I tried coaxing a collaborative poem out of some of my family members gathered around a puzzle this afternoon, but we had trouble keeping focused enough to finish a thought, so my nibling Keri suggested we do an acrostic. The Old Woman of Winter had made an appearance in the first attempt, so I wrote CRONE OF WINTER down the side of the page and asked them to give me words or phrases beginning with the letters. We ended up sticking to words, and this is what happened, and I like it.

Gratitude List:
1. The thoughtful and wise and tender and hilarious conversations around the table and the puzzle and the living room today. It appears that perhaps the members of the family with the strongest executive functioning skills are under the age of 22.
2. Pie. So much pie.
3. The Turkey Trot! I walked a lot more of this one, but came within a minute of my PR last spring at the Race Against Racism.
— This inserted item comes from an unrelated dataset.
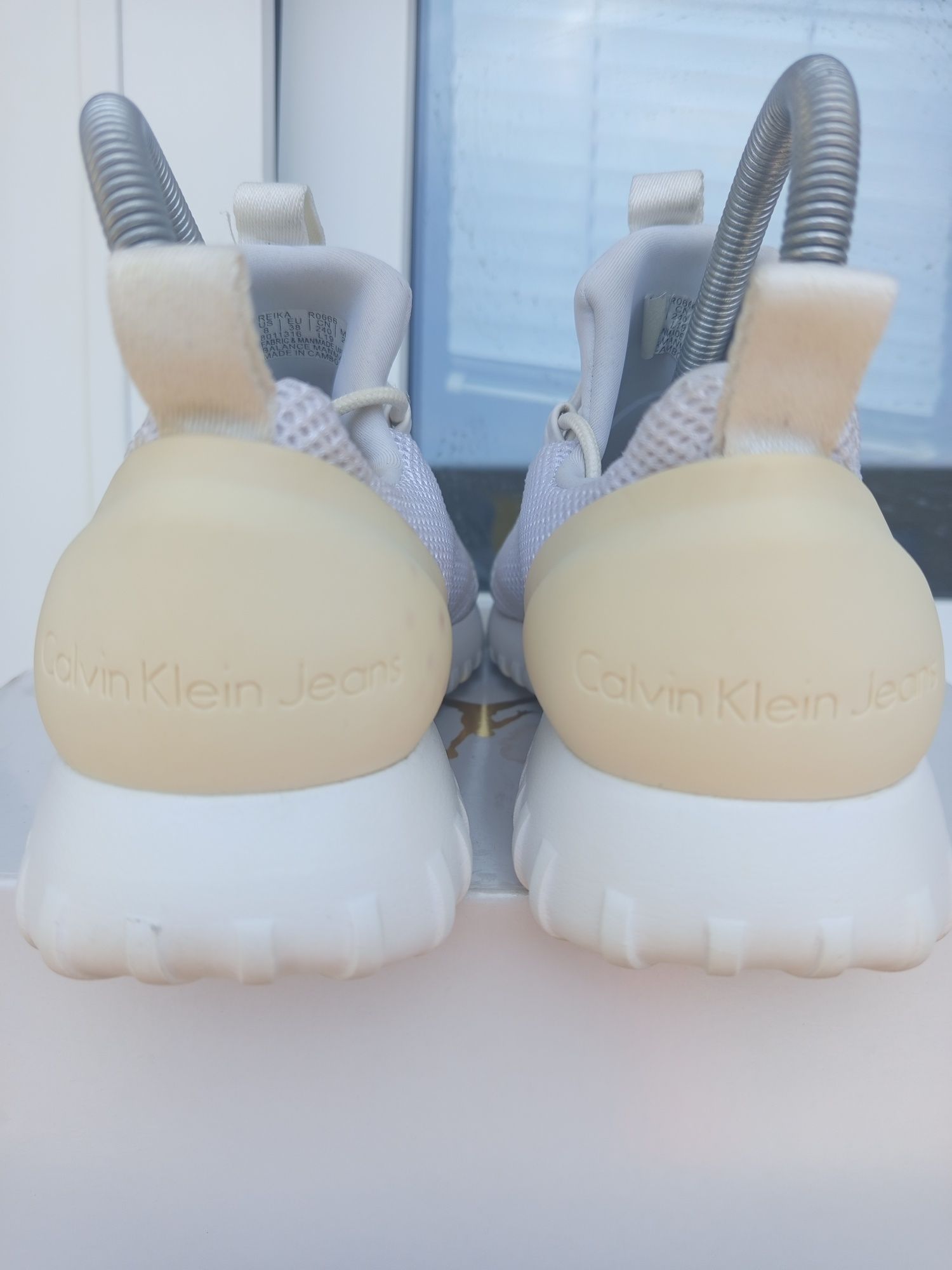 Calvin Klein Jeans Reika buty damski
4. Bald Eagle flying over Codorus Creek
5. The healing properties of laughter
May we walk in Beauty!
“There are no shortcuts to wholeness. The only way to become whole is to put our arms lovingly around everything we’ve shown ourselves to be: self-serving and generous, spiteful and compassionate, cowardly and courageous, treacherous and trustworthy. We must be able to say to ourselves and to the world at large, ‘I am all of the above.’” —Parker Palmer
Solace is your job now.”
—Jan Richardson
“I have noticed when all the lights are on, people tend to talk about what they are doing – their outer lives. Sitting round in candlelight or firelight, people start to talk about how they are feeling ~ their inner lives. They speak subjectively, they argue less, there are longer pauses. To sit alone without electric light is curiously creative. I have my best ideas at dawn or at nightfall, but not if I switch on the lights, then I start thinking about projects, demands, deadlines, and the shadows and shapes of the house become objects, not suggestions, things that need to be done, not a background to thought.” —Jeanette Winterson
Joy Harjo:
“When I woke up from a forty-year sleep, it was by a song. I could hear the drums in the village. I felt the sweat of ancestors in each palm. The singers were singing the world into place, even as it continued to fall apart. They were making songs to turn hatred into love.”
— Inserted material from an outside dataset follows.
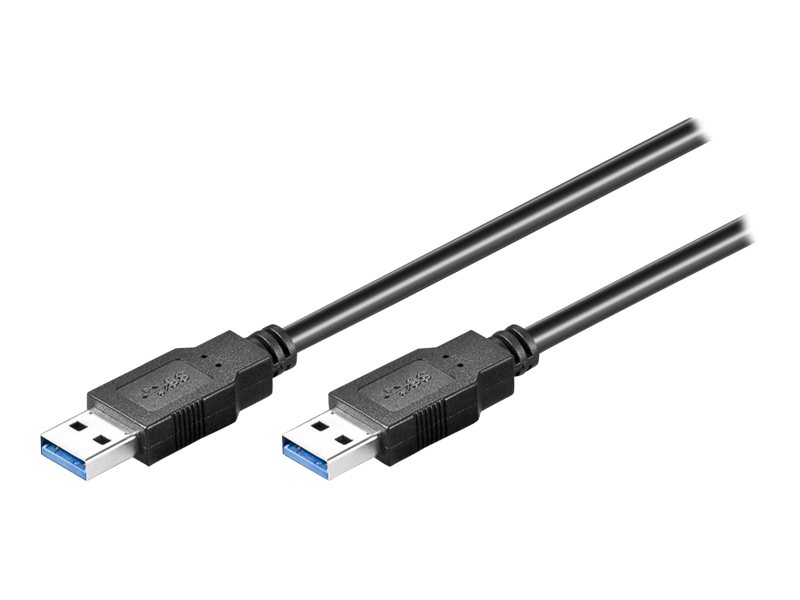  A St/St  1.00m schwarz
“The history of an oppressed people is hidden in the lies and the agreed myth of its conquerors.”
―Meridel Le Sueur
“I never want to lose the story-loving child within me, or the adolescent, or the young woman, or the middle-aged one, because all together they help me to be fully alive on this journey, and show me that I must be willing to go where it takes me, even through the valley of the shadow.”
―Madeleine L’Engle
“Alas, the webs are torn down, the spinners stomped out. But the forest smiles. Deep in her nooks and crevices she feels the spinners and the harmony of their web. We will dream our way to them …
…Carefully, we feel our way through the folds of darkness. Since our right and left eyes are virtually useless, other senses become our eyes. The roll of a pebble, the breath of dew-cooled pines, a startled flutter in a nearby bush magnify the vast silence of the forest. Wind and stream are the murmering current of time, taking us back to where poetry is sung and danced and lived. … In the distance a fire flickers – not running wild, but contained, like a candle. The spinners.” —Marylou Awiakta, Selu: Seeking the Corn-Mother’s Wisdom
“Do it right, because you only got one time to walk this earth. Make it good, make it a good thing.” —Grandmother Agnes “Taowhywee” (Morning Star) Baker Pilgrim (1924-2019)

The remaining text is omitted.